Learning from History
Many years ago, I asked our mostly white staff to self-identify; whether they knew nothing, something or were experts about anti-bias curriculum. Everyone RAN over to the “experts” part of the spectrum. (I didn’t know what I didn’t know about people’s poor ability to accurately appraise themselves about things they don’t know much about, and I underestimated the personal drama of being asked to do it publicly.) People in the “expert” area explained themselves;  “I have an Asian neighbor.” or “I don’t see color.”

These folks were beginners, but they thought they were experts. I learned from my mistake; this time, we used Carr's domains as an objective yardstick to help us figure out what kind of learning we’ve done and what kind we are headed into.

After a short presentation about our collective journey with anti-bias education at Peabody Terrace Children’s Center, we used a protocol to create our individual narratives of engagement with anti bias education and reflect.

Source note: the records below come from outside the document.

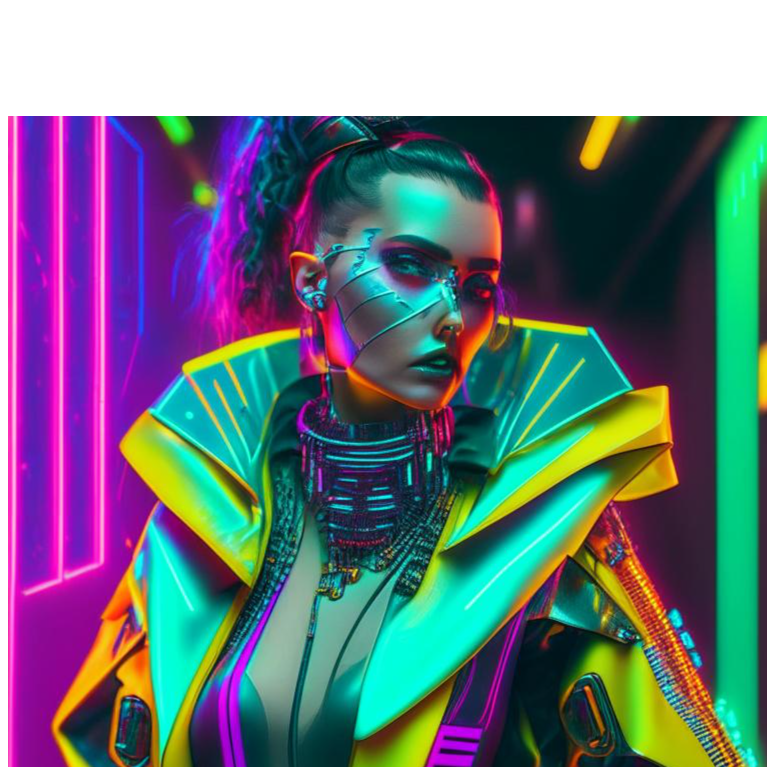 Женский стиль в моде 2023 Cyberpunk-стиль использование ярких неоновых цветов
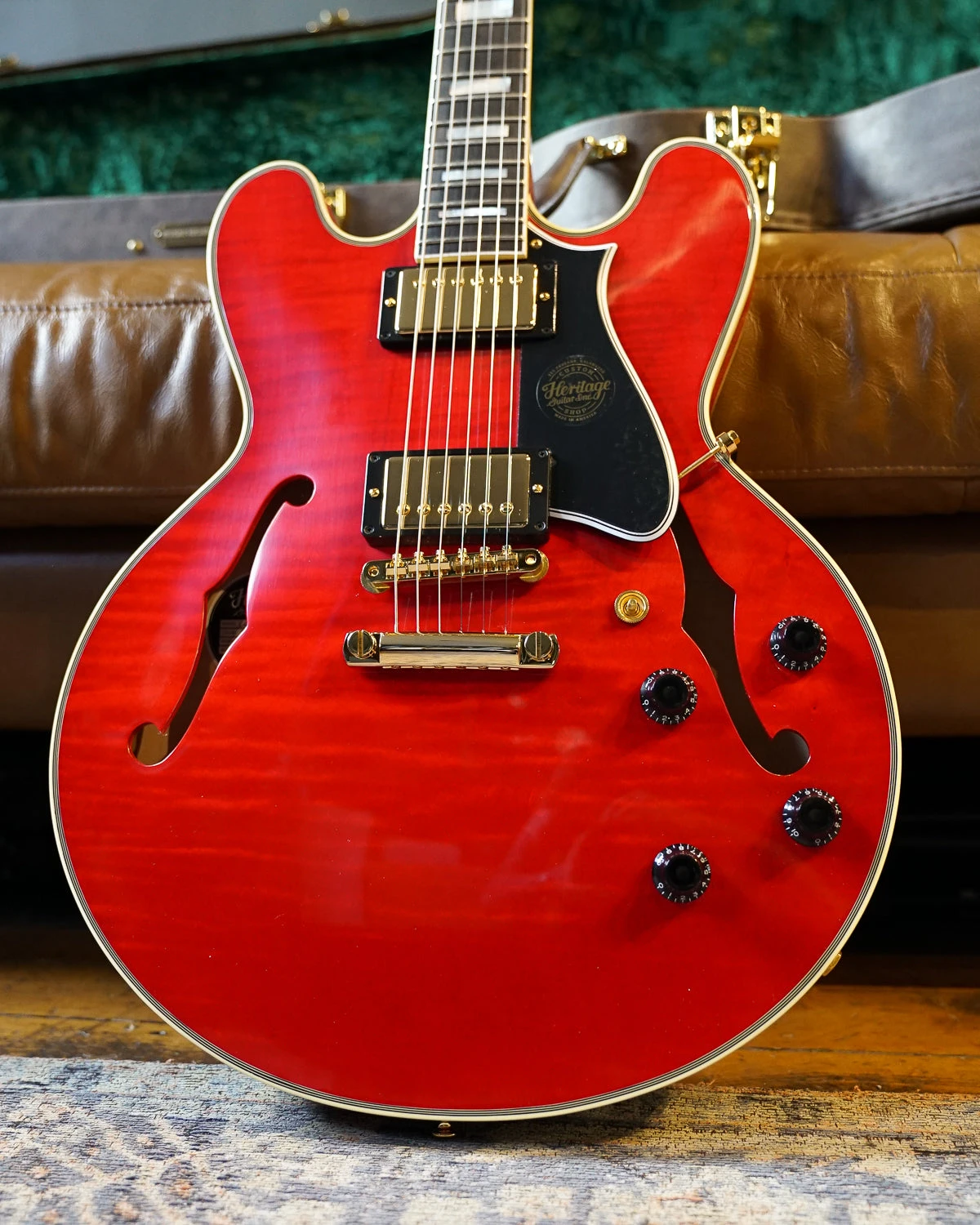 Heritage Custom Shop Core Collection H-555 Electric Guitar W/Case, Trans Cherry 2 Heritage Custom Shop Core Collection H-555 Electric Guitar W/Case, Trans Cherry - Image 2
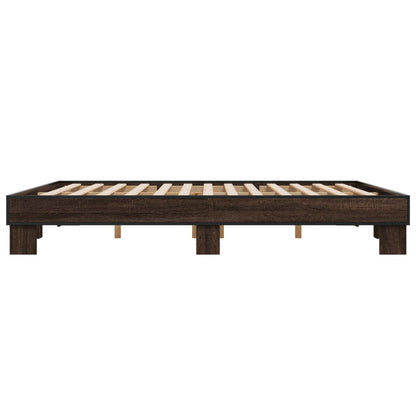 Bedframe bewerkt hout metaal bruin eikenkleur 200x200 cm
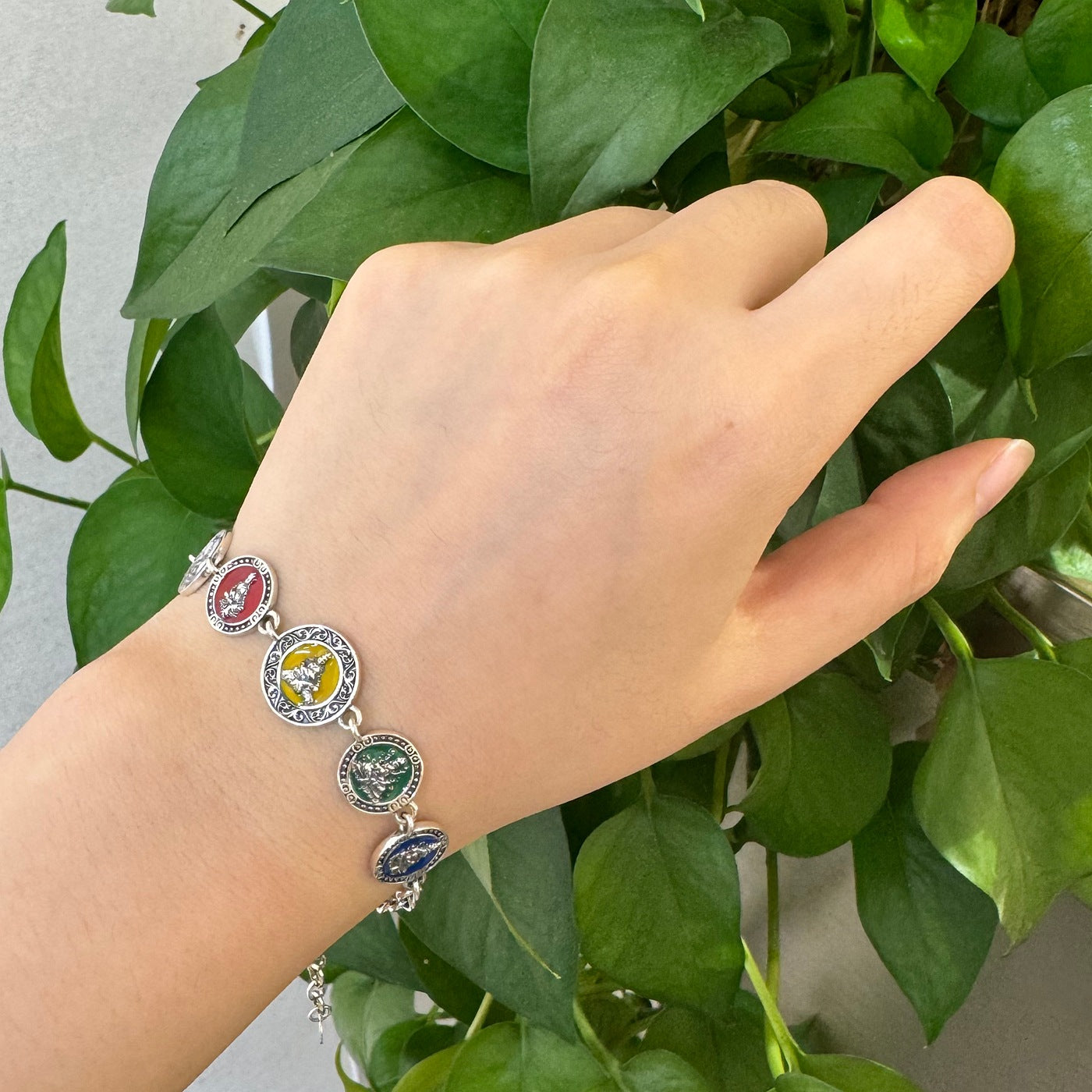 925 Sterling Silver Double-Sided Five Wealth Gods Bracelet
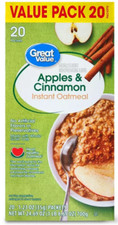 Great Value Instant Oatmeal Apples  Cinnamon, 100 Whole Grain 1.23 Oz 20 Pack
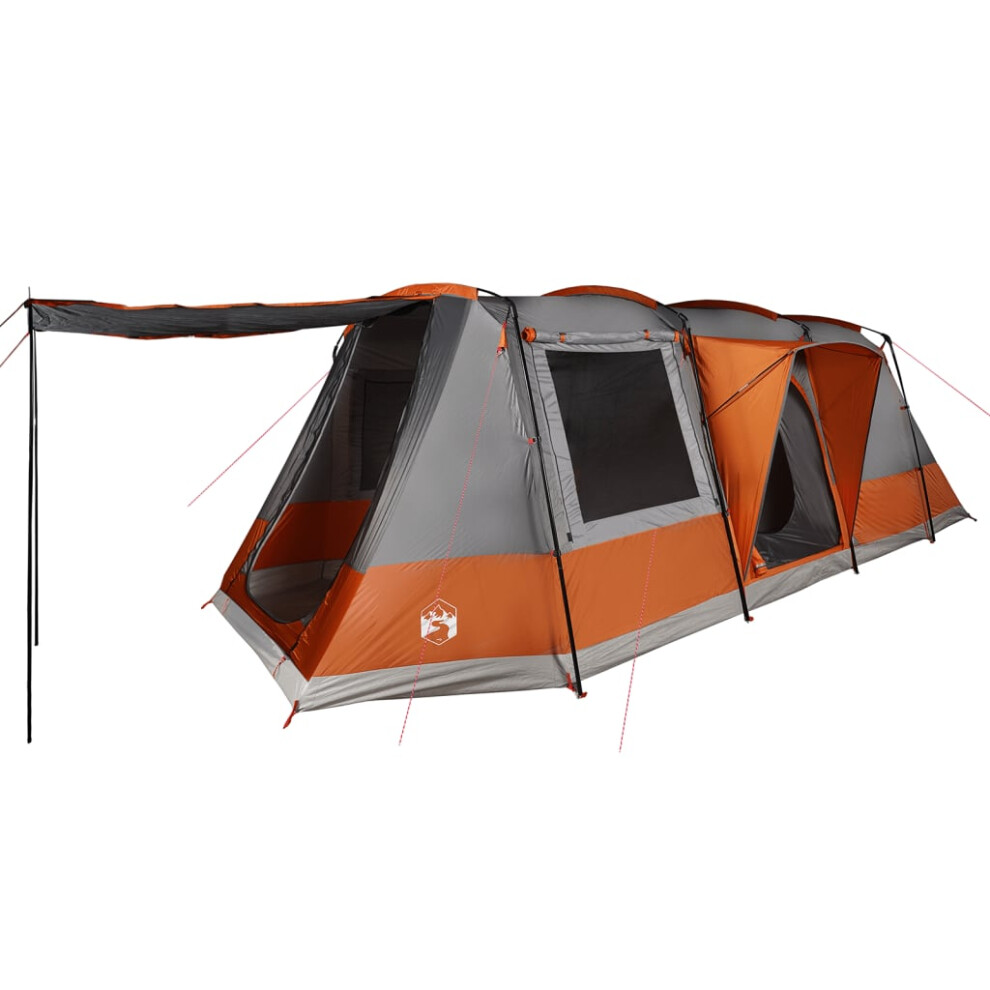 vidaXL Camping Tent Tunnel 4-Person Lightweight Tent Grey & Orange Waterproof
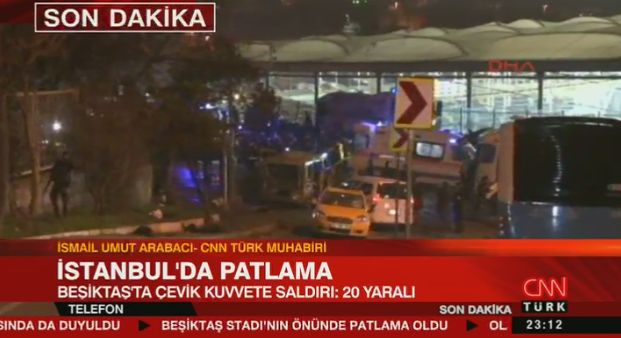 Atentate in Istanbul. Doua explozii au avut loc langa stadionul lui Besiktas: cel putin 13 morti si zeci de raniti. VIDEO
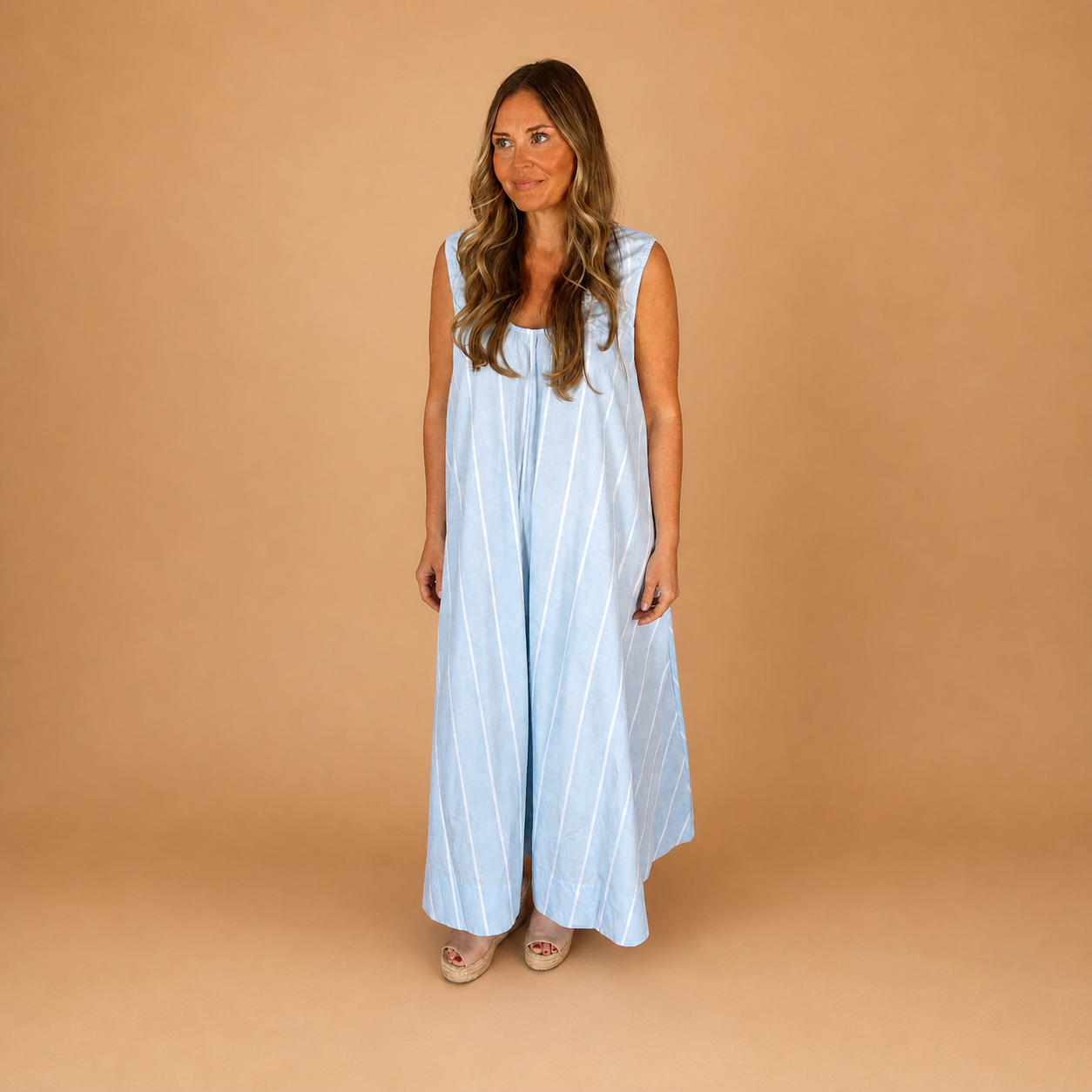 Piper Sleeveless Stripe Maxi Dress-Light Blue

Then, we brought in the key element of feedback. We shared our stories with others and they helped us determine which of the learning domains we were working within. Finally, well-informed, we identified for ourselves what kinds of actions might help us move forward from where we are.

Domains of Learning Dispositions:
Learners taking an interest are developing:
  • A view of self as interested and interesting,
  • Interests,
  • Expectations that people, places and things can be interesting,
  • Abilities and funds of relevant knowledge that support their interests.
Learners getting involved are developing:
  • A view of self as someone who gets involved.
  • Readiness to be involved, pay attention for a sustained length of time
  • Informed judgments about the safety and trustworthiness of the local environment, Strategies for getting involved and remaining focused.
Learners persisting with difficulty or uncertainty are developing:
  • A view of self as someone who persists with difficulty and uncertainty
  • Enthusiasm for persisting with difficulty or uncertainty,
  • Assumptions about risk and the role of making a mistake in learning
  • Sensitivity to places and occasions in which it is worthwhile to tackle difficulty or uncertainty and to resist the routine.
  • Problem-solving and problem-finding knowledge and skills,
  • Experience of making mistakes as part of solving a problem
Learners communicating with others are developing:
  • A view of self as a communicator.
  • The inclination to communicate with other in one or more of the 100 Languages, to express ideas and feelings,
  • Responses to a climate in which learners have their say and are listened to,
  • Facility with one or more languages, familiarity with a range of context specific ‘genres,’ script knowledge for familiar events.
Learners taking responsibility are developing:
  • A habit of taking responsibility in a range of ways, to take another point of view, to recognize justice and injustice, a view of self and others as citizens with rights and responsibilities,
  • Recognition or construction of opportunities to take responsibility
  • Experience of responsibility, making decisions, being consulted, an understanding of fairness, strategies for taking responsibility
(Adapted from table 2.1, in Margaret Carr’s Assessment in Early Childhood Settings: Learning Stories)

As someone who thinks not only about individual development, but also about how our organization grows and changes, these domains also helped me to see which domain our center is exploring. We have firmly established interest, involvement, persistence and communication about anti-bias teaching. We are on the edge of taking responsibility; this is our next frontier. This framework takes for granted a "growth mindset" and in situating teachers' development within the realm of learning dispositions, it is my hope that teachers work to let go of their hangups that come with performance goals.
Does this structure help with some of the feelings of unsettledness, inertia, or hopelessness that sometimes accompany this work?

How could we use this way of understanding with families?